Alongside those who condemn the torture and the negligence and brutality of the police (as they also condemn the harassment of Christians and the burning of churches, the lack of police protection of Coptic communities, the destruction of homes in the Sinai and the mass arrests of the Bedouin), many others find sufficient and reasonable the narrative provided by the Interior Ministry and widely disseminated by state and privately-owned television channels and newspapers: The men who suffocated to death in the transport vehicle were terrorists and enemies of the nation-state; they took an officer hostage and were attempting to escape; justice will be served, the officer who threw the tear gas canister into the vehicle has been charged with “accidental homicide” of the prisoners…
In certain ways Deeb lived a life that defies many of the conventional but persistent narratives that circulate widely about political and social life in Egypt: He was an Islamist, but also a scruffy, long-haired filmmaker and artist, and he was a January 25 activist from the revolution’s inception yet also a constant presence at the Nahda and Rabea sit-ins.

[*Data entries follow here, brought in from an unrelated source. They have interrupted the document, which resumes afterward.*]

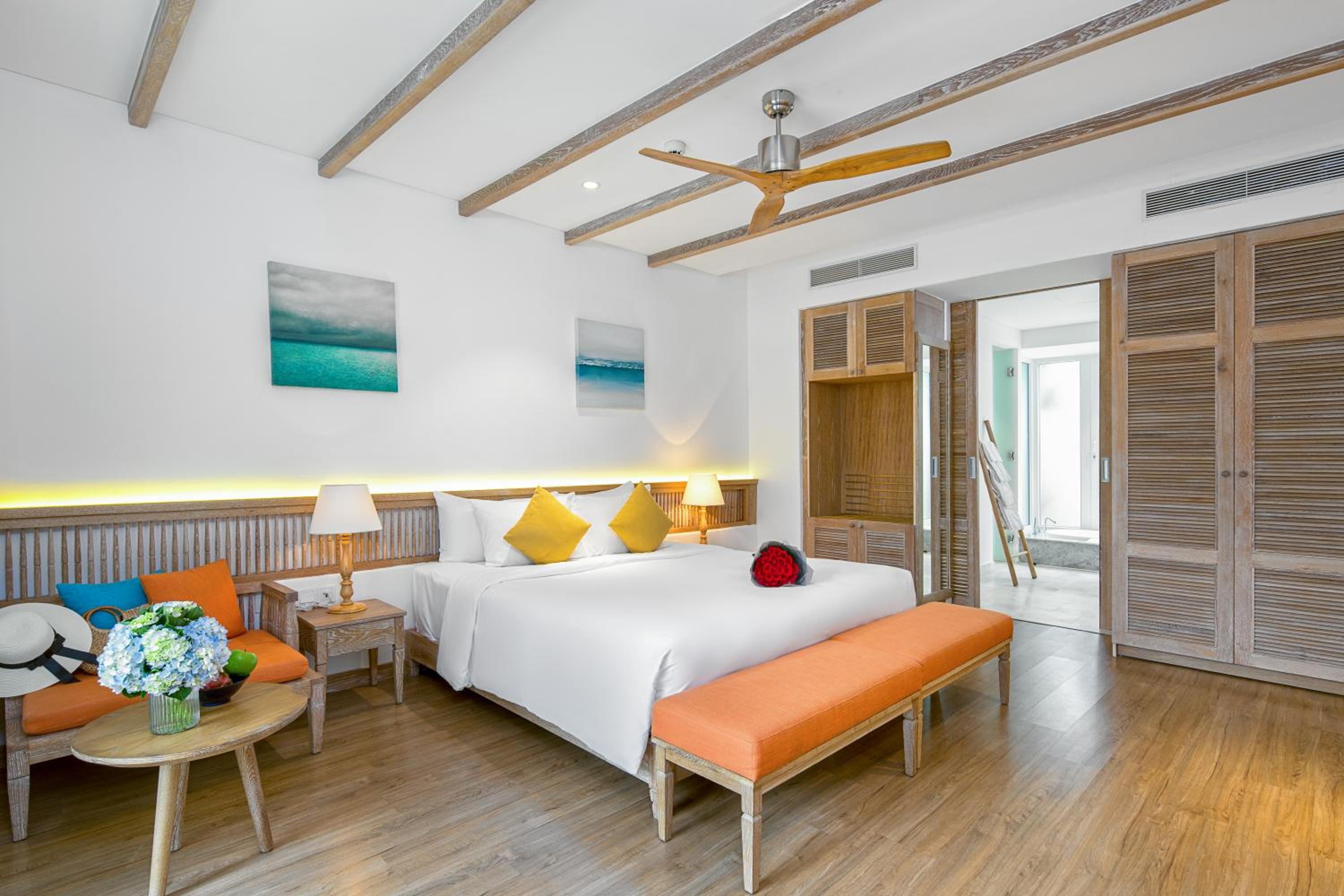 King Junior Suite with Terrace and Bathtub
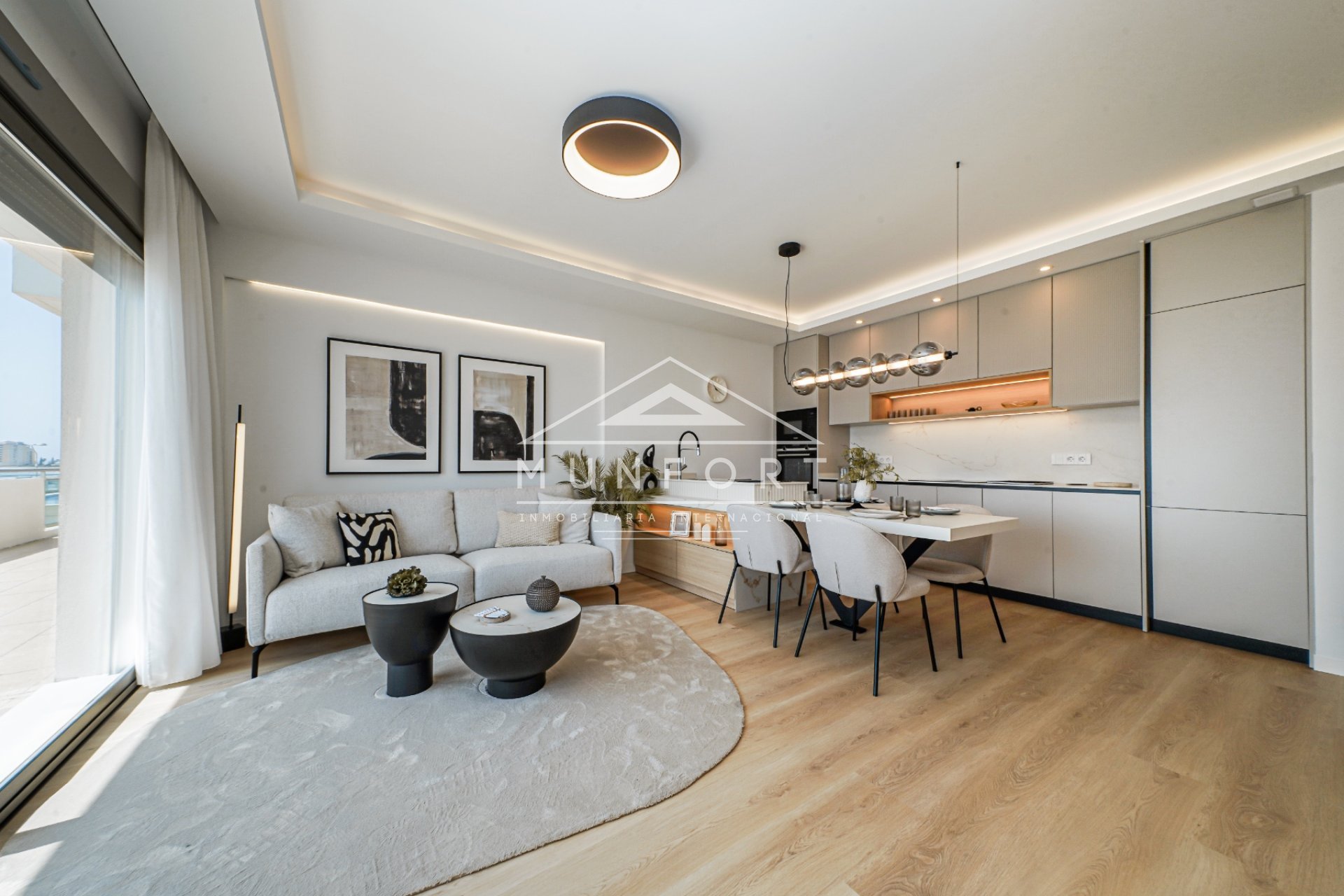 Obra nueva - Apartamentos -
La Manga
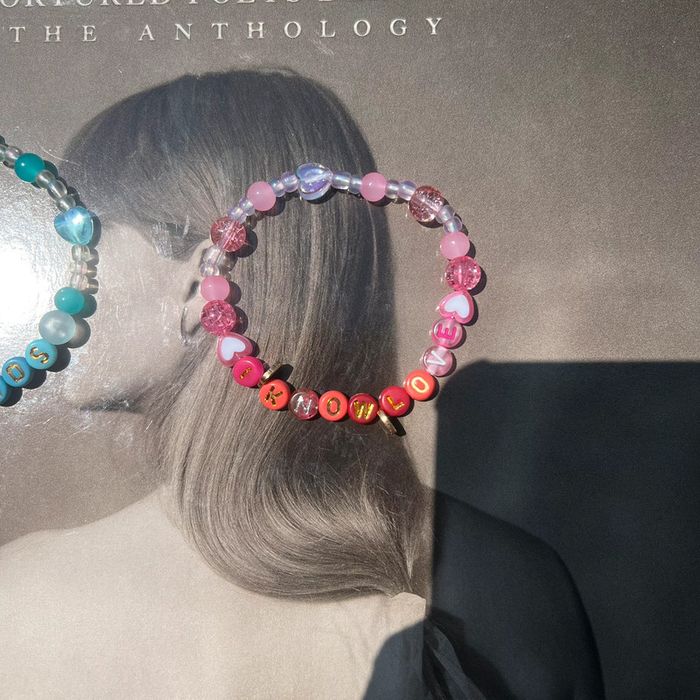 friendship bracelets | tate mcrae - photo numéro 3
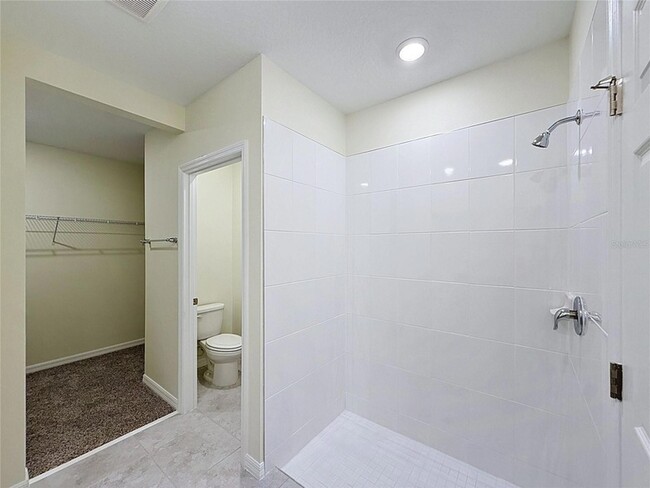 Building Photo - 520 Kennedy Dr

In a different political moment, he focused his talents on creating and documenting forms of collective action that traversed the tired Islamist versus secular-artist-revolutionary divide. This traversal was the legacy of Tahrir Square that he tried to embody in his life, until the events of 30 June and 3 July made that impossible.
And now, in remembering his death, we are forced to ask: How is it possible to think and remember a martyr over which the community is so deeply divided? What do we do with these silenced bodies and chants and energies that are not our own, that push our tolerance to its limits? In the complete absence of agreement as to the righteousness of his cause, his status as a martyr, and his value to the community, can Mohammed al-Deeb’s life and death symbolize anything other than how divided Egypt’s political life has become?
In his powerful lectures on martyrdom (shahadat) and revolution, the great Iranian thinker Ali Shariati wrote that shahadat does not simply mean being killed for a just cause; rather, it is the exposure of that which is being denied, of that which is being covered up (“Al-shahadat istizharan ‘alal-mujahadat”). In an age of tyranny and injustice, the shahid (martyr) is the candle in the darkness who exposes the corruption and oppression of the regime and that which it seeks to hide from the public eye, of that which it would like to remain hidden in history. Istizhar: exposure; this is the work of the martyr.
And the revenge of the martyr? Not the killing and torturing and suffering of the enemy, but the negation of its despotism; this is the work of the ummah, the community—the ummah that is resuscitated, called to itself again, reinvigorated in its struggle, by the life and death of the shahid. This is the revenge and message of the martyr: Arise, and bear witness, and in this, you will never die.